Social media compromises real-life social skills


Photo by Sarah Wheatley

Abby Walters (’19), Lily Robertson (’19), and Lynzie Ritz (’19) take selfies instead of studying during enrichment. Robertson sent the photo to friends through Snapchat.

Sarah Wheatley, Reporter

Social media has taken the world by storm over the past few years. According to, with over 8,796 snapchats sent per second, 350,000 tweets per minute, and 52 million Instagram photos posted a day, social media has taken over.

Face to face conversations has transformed communication via text and snapchat. “It is my entire social life,” said Carly Stevens (’20), who primarily communicates with her friends through text.

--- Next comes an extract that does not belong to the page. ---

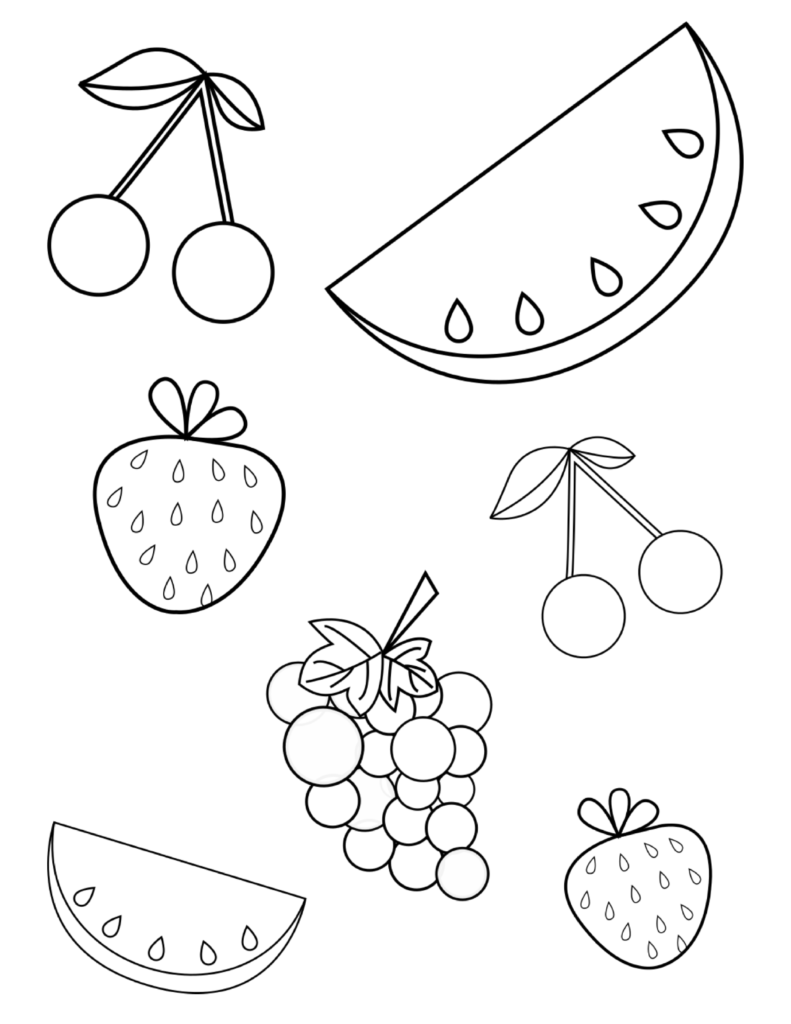 11 coloring pages of fruits free preschool - get this printable fruit ...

But even texting seems to have faded. It is more common now for people to keep in touch through snapchat, an app created in 2011 that allows users to send photos back and forth with their friends. Conversation within the app seems to be a test of memory, as the messages disappear after swiping out of the chat or tapping out of the photo.

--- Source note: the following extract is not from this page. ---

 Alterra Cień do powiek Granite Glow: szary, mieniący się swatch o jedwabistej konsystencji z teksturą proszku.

One of the snapchat updates of 2015 was the introduction of “snap streaks.” A snap streak is the number of days the user has consistently snapped back and forth with another person. A fire emoji appears next to their name to signify a snap streak.

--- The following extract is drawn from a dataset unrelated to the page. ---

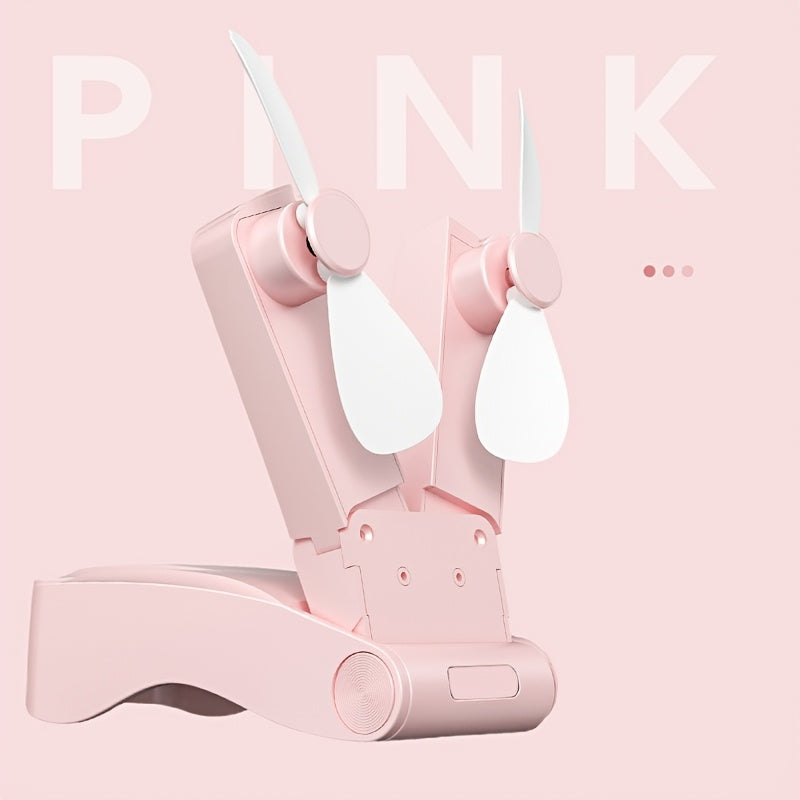 Mini fan with dual heads, strong wind, long-lasting battery, USB rechargeable, lightweight cooling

Snap streaks create an obligation for people to snap each other. “I have a lot of streaks, so that’s the main way, I talk to people,” Lily Robertson (’19) said. Robertson said she does not usually have conversations in her snaps.

So how did people communicate before 2011?

“The only way to get a hold of someone when I was a teenager was by telephone, or you had to drive to their house,” Science teacher, John Foster said. Although the accessibility to social media has allowed him to stay in contact his college classmates, Foster warns that it is easy to get addicted to the screen.

This addiction can help or hurt relationships between family members. It’s easy to get wrapped up in what is being posted online instead of spending time with them, but it allows a way to contact the ones that aren’t around.

“It could be like either way, if you’re not with your family a lot and you’re on your phone, you could like call them and stuff and talk to them but if you are with your family and you’re on your phone, then you’re not actually with them,” Jeff Wilson (’19) said. Wilson says he is not allowed to have his phone out at the dinner table.

A social life has turned into a social media life. Although social media can be a way to connect, sometimes it’s better to disconnect.